= Lattice light-sheet microscopy =

Kind of microscopy

Lattice light-sheet microscopy is a modified version of light sheet fluorescence microscopy that increases image acquisition speed while decreasing damage to cells caused by phototoxicity. This is achieved by using a structured light sheet to excite fluorescence in successive planes of a specimen, generating a time series of 3D images which can provide information about dynamic biological processes.
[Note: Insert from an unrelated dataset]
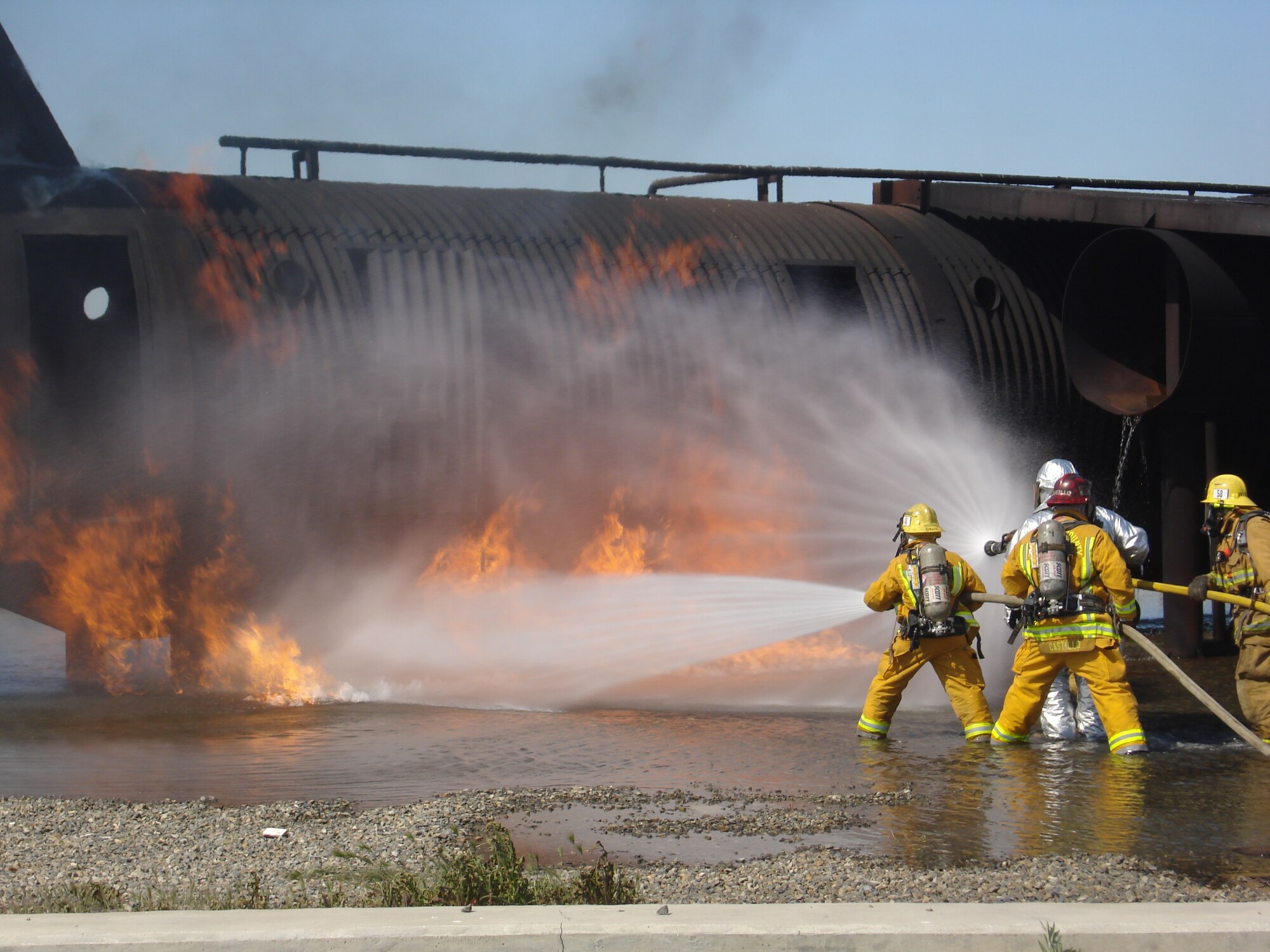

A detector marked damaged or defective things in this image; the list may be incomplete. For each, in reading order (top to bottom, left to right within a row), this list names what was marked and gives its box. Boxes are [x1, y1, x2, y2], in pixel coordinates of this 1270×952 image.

It was developed in the early 2010s by a team led by Eric Betzig. According to an interview conducted by The Washington Post, Betzig believes that this development will have a greater impact than the work that earned him the 2014 Nobel Prize in Chemistry for "the development of super-resolution fluorescence microscopy".

== Setup of Lattice Light-sheet Fluorescence Microscopy ==

(partial) Optical path of a lattice light sheet microscope.
(a). from the laser lines and the AOTF,

(b). x cylindrical lens,

(c). z cylindrical lens,

(d). SLM,

(e). annulus mask,

(f). z and x galvos.,

(g). excitation objective,

(h). observation objective,
(i). to EMCCD camera. inset: zoom on the objectives.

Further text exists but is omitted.